Data for the task –
Content starts
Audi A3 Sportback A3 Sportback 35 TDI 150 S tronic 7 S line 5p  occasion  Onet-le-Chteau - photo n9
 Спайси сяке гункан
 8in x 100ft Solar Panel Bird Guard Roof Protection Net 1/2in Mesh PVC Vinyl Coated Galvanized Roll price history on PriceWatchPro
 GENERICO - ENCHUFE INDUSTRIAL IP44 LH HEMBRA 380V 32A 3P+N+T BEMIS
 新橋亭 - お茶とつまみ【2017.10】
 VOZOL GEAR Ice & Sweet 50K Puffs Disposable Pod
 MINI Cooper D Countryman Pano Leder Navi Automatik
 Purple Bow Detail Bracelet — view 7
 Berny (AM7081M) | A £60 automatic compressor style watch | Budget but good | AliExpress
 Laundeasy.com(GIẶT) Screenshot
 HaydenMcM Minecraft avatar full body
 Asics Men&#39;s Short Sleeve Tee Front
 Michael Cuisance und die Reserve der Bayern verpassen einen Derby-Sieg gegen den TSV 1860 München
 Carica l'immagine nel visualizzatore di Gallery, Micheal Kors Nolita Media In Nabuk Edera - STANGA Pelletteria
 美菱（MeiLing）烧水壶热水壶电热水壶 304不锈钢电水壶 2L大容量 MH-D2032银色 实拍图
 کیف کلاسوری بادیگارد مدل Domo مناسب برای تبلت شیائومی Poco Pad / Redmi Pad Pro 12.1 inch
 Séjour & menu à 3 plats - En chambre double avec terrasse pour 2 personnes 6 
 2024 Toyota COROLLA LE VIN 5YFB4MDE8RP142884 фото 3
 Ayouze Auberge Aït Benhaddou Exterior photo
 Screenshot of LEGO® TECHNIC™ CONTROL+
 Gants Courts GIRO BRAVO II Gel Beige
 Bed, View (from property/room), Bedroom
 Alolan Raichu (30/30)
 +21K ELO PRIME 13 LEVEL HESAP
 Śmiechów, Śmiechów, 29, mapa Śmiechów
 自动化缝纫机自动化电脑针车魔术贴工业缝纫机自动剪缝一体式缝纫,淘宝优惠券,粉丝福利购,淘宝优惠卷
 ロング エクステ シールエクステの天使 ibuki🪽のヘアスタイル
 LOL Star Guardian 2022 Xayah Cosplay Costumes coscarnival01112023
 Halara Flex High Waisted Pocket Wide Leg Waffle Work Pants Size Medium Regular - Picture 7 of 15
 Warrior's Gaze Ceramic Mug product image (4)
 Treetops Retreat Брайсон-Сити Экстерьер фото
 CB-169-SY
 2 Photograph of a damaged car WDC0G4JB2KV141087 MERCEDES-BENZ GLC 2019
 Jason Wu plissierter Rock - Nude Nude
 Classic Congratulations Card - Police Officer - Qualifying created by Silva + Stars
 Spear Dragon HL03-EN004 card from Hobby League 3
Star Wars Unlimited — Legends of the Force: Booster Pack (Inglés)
Content ends
About this exercise – Check each line in the records for the word "from" and say how many have it, with nothing else.

Answer for this exercise – 2